Sua família também aparece em detalhes e aprendemos como o humor de sua mãe e de sua avó foram essenciais para formar a comédia de Gadsby. Seus irmãos, muitos, e a tranquilidade de seu pai, são elementos que ajudam a construir a própria personalidade da comediante.

E quando ela chega na escola e sofre bullying, ou os episódios de abuso sexual na infância, isso se apresenta de forma tão robusta e simples. Esses fatos se alinham à realidade de seu país e da sua família, por isso, quase desejamos poder abraçar a autora.

Certamente que tudo isso impactou Hannah, que cresceu acreditando que ser gay era como ser uma criatura distinta em um mundo homogêneo. Isso contribuiu com a forma que a comediante via a si mesma, tanto que foi capaz de se aceitar somente após sair da sua terra natal para estudar.

De todos na minha família, a pessoa com quem eu mais parecia era a minha avó. Eu compartilhava muito do seu jeito, a mistura incongruente de ambiguidade e inteligência.
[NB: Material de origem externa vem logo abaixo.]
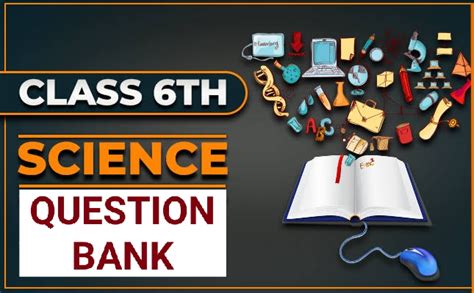Image result for Class 6 Science Question Bank PDF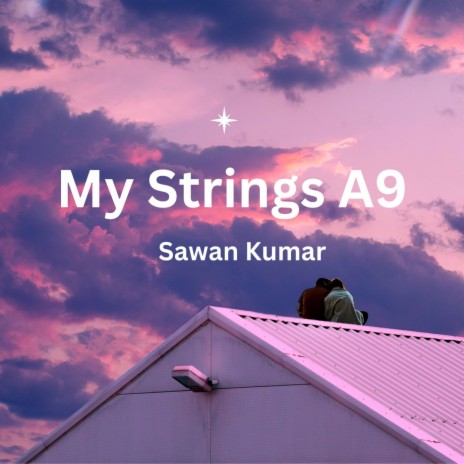 My Strings A9 | Boomplay Music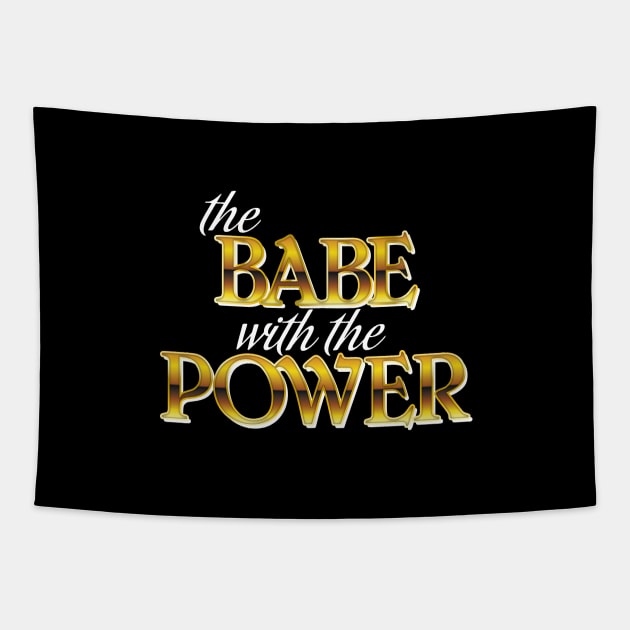 The Babe With The Power Tapestry by J31Designs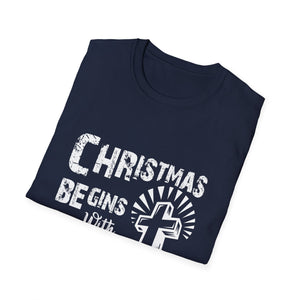 Christmas Begins with Christ T-Shirt — Faith-Based Nativity Cross Holiday Tee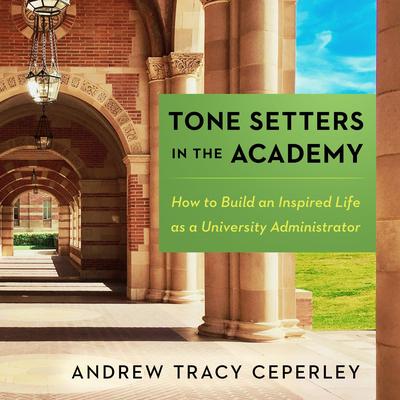 Tone Setters in the Academy by Andrew Tracy Ceperley audiobook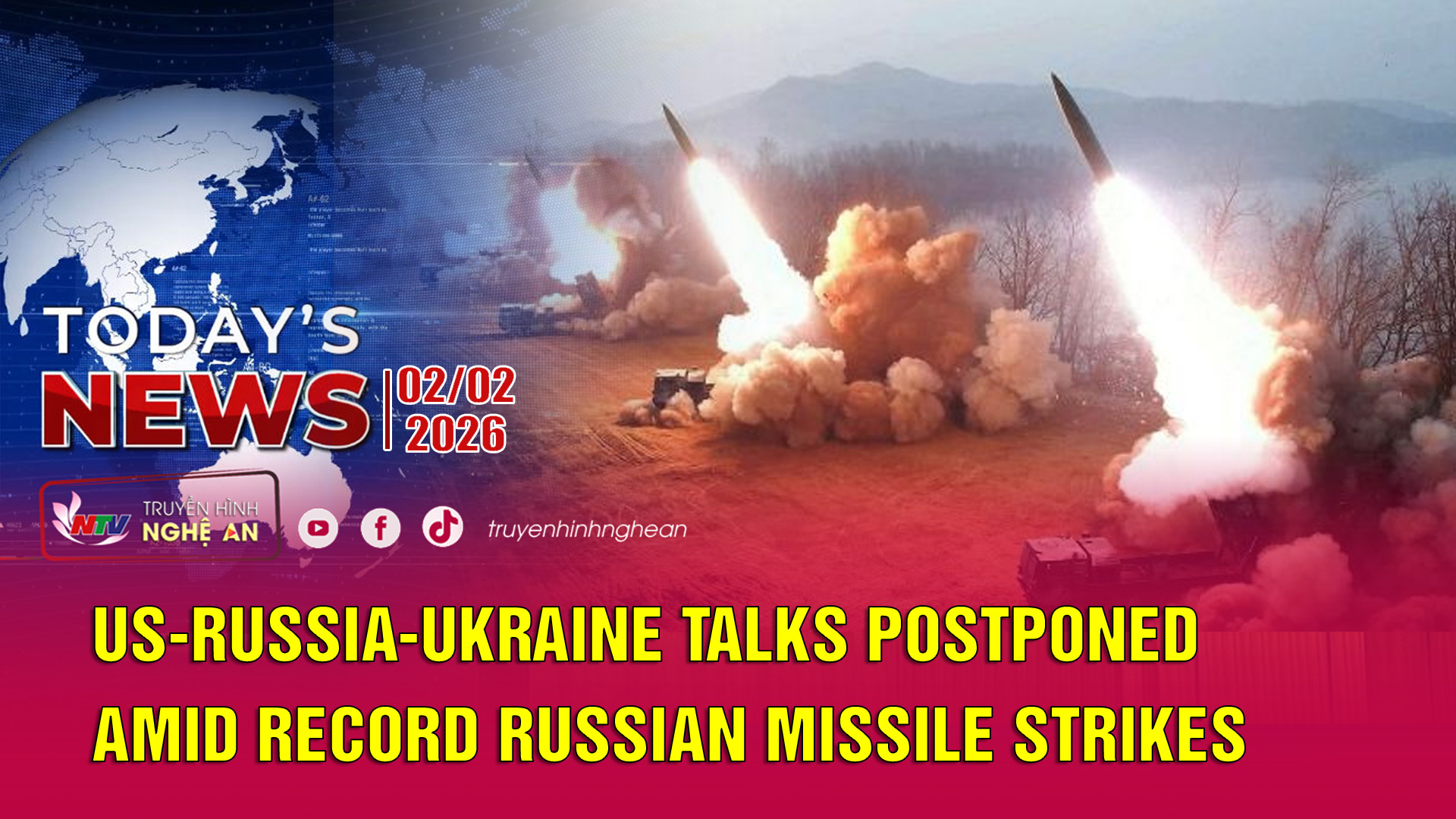 Today's News - 02/02/2026: US-Russia-Ukraine talks postponed amid record Russian missile strikes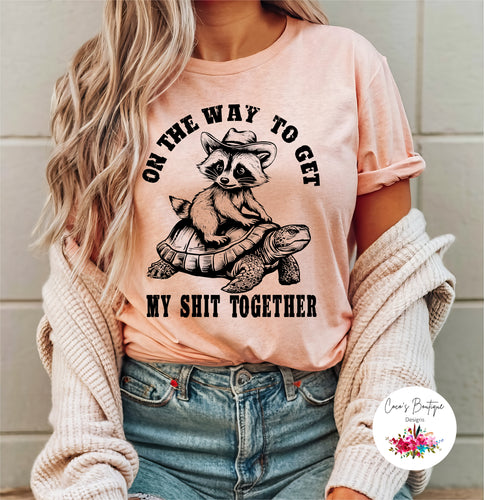 On My Way To Get My Shit Together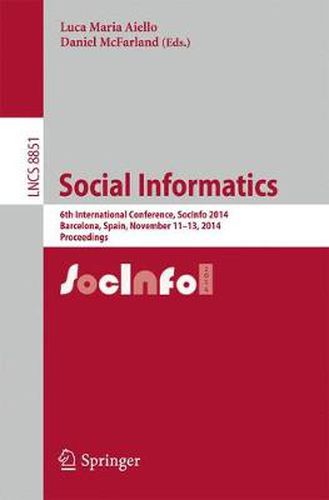 Cover image for Social Informatics: 6th International Conference, SocInfo 2014, Barcelona, Spain, November 11-13, 2014, Proceedings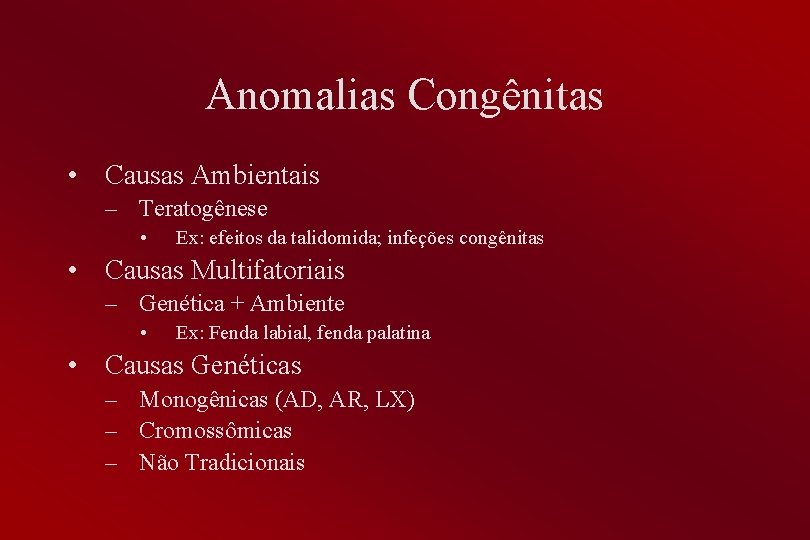 Anomalias Congênitas • Causas Ambientais – Teratogênese • Ex: efeitos da talidomida; infeções congênitas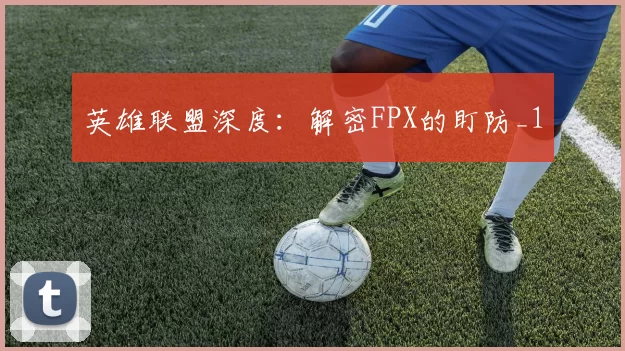 英雄联盟深度：解密FPX的盯防_1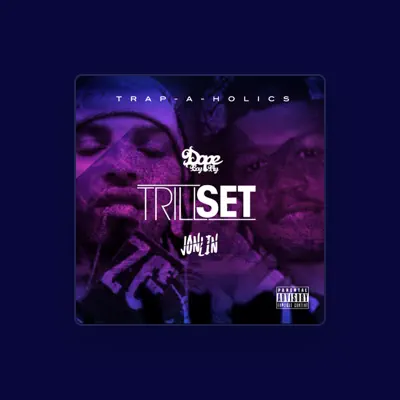 Listen to TRILLSET, watch music videos, read bio, see tour dates & more!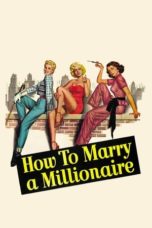 Nonton Streaming Download Drama Nonton How to Marry a Millionaire (1953) Sub Indo jf Subtitle Indonesia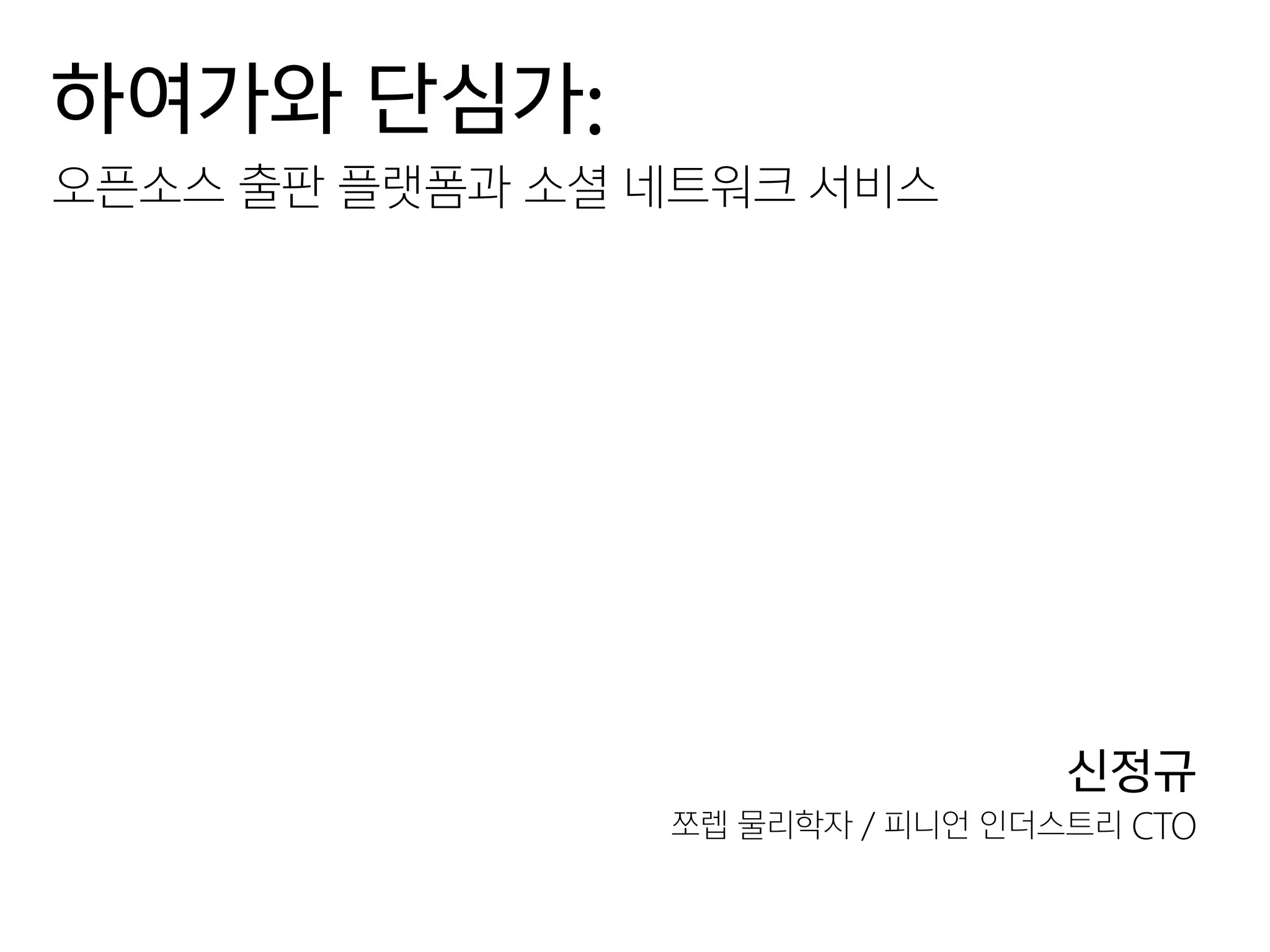하여가와 단심가:
오픈소스 출판 플랫폼과 소셜 네트워크 서비스
신정규
쪼렙 물리학자 / 피니언 인더스트리 CTO
 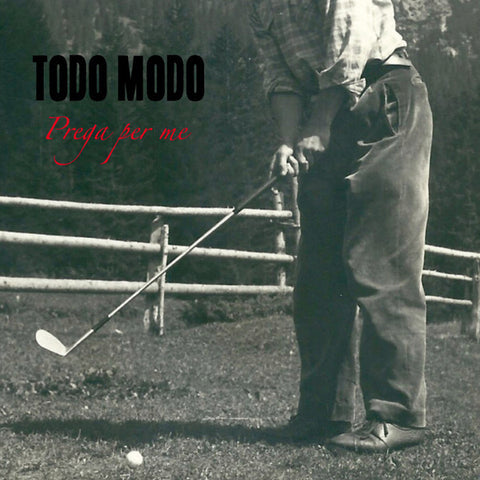 Todo Modo (2) - Prega per me (LP) - NEW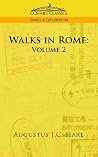 Walks in Rome: Volume 2 Walks in Rome: Volume 2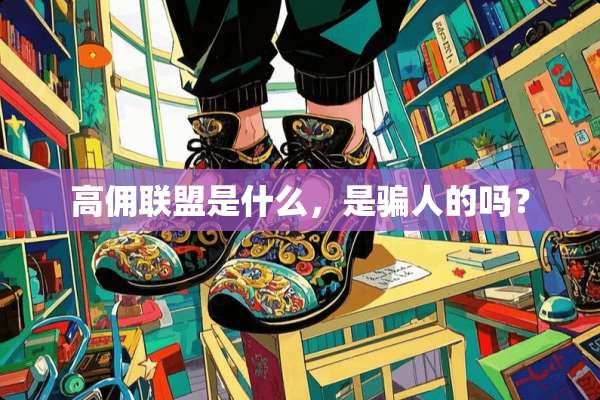 高佣联盟是什么，是骗人的吗？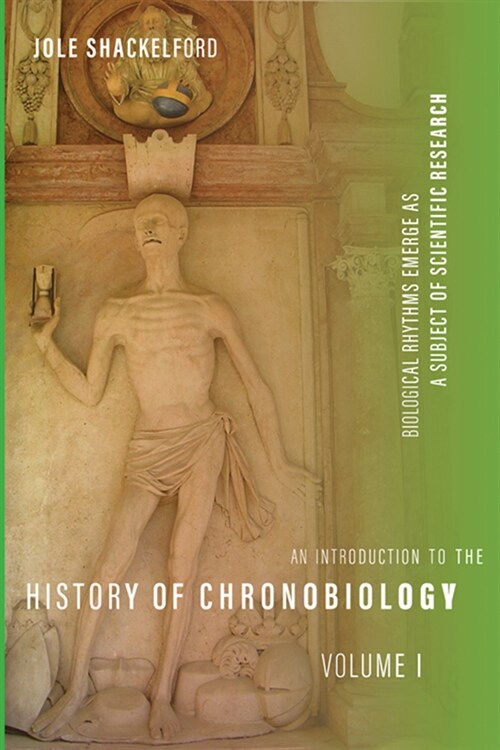 An Introduction to the History of Chronobiology, Volume 1: Biological Rhythms Emerge as a Subject of Scientific Research (Hardcover)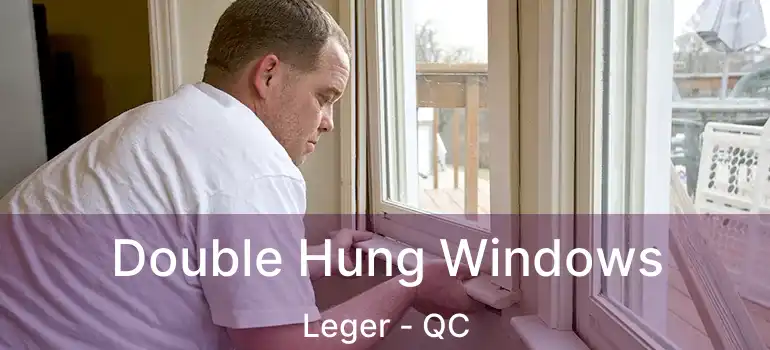  Double Hung Windows Leger - QC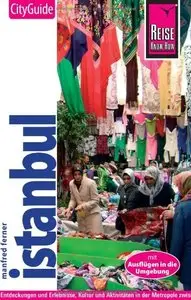 Istanbul und Umgebung: Reiseführer für individuelles Entdecken 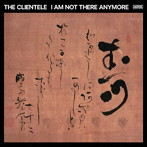 CLIENTELE/I AM NOT THERE ANYMORE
Meu senso de humor era muito parecido com o dela também, variando, por assim dizer, de bobo e ridículo a negro e muito seco, muitas vezes no mesmo fôlego.

Gadsby, Hannah. Ten Steps to Nanette: A Memoir Situation (p. 287). Atlantic Books. Edição do Kindle. 

Hannah Gadsby, uma história de sofrimento

O sofrimento de Gadsby não para por aí e segue capítulo por capítulo. Uma verdadeira história de superação, para aprender lições. Mas a forma com que ela apresenta todas as situações não deixa o leitor acreditar que ela seja vítima. Talvez pelo fato da escrita fechar sempre com um tom de comédia. Não auto-depreciativa, pois fica claro para todos que a culpa por tudo o que aconteceu não é dela. Mas uma comédia sincera, vulnerável, muitas vezes política e de total abertura com o leitor.

Como em toda autobiografia, não lemos para saber o final, mas sim o meio e o começo. De onde ela veio, como chegou ao diagnóstico de autismo e que percalços teve que viver para chegar ao ponto onde está.

‘Ten Steps to Nanette’ foi um dos poucos livros que li sem poder largar. Como resultado, achei incrível perceber que o que torna Hannah Gadsby uma comediante tão bem-sucedida é justamente a forma dela construir a narrativa, que aparece de forma brilhante no livro.

Aliás, é também um dos livros que mais me permitiu me colocar nos pés de outra pessoa. Ainda que em uma realidade tão distante, mas com quem é fácil se identificar. Todos sofremos, em maior ou menor grau, com a maldade alheia. Transformar esse sofrimento em material para comédia existe um certo distanciamento da própria realidade.

O passado molda o futuro

Contudo, se isso é saudável ou não, cabe ao sofredor decidir. Assim, Gadsby trabalha estas descobertas em seu livro, mostrando o que muitos de nós já sabemos inconscientemente. Que, de fato, nosso passado molda o nosso futuro, mas todos podemos escolher até que ponto permitimos que isso aconteça.

O objetivo era quase dizer algo profundo, e no espaço entre as palavras ditas e o significado ao qual eu não cheguei, outras pessoas poderiam ser capazes de transformá-lo em algo que estavam procurando. É um pequeno truque que aprendi com Tony Robbins, exceto que deixei de fora seu complexo de messias e sua retórica de culpar as vítimas, e as substituí pela fé que as pessoas são capazes de encontrar seus próprios significados.

Gadsby, Hannah. Ten Steps to Nanette: A Memoir Situation (p. 355). Atlantic Books. Edição do Kindle.

Por enquanto, só é possível comprar ‘Ten Steps to Nanette’ em inglês e alemão, mas, com toda a certeza terá tradução e publicação em breve no Brasil. Apesar disso, o livro é fácil de ler — mesmo com o vocabulário australiano da autora.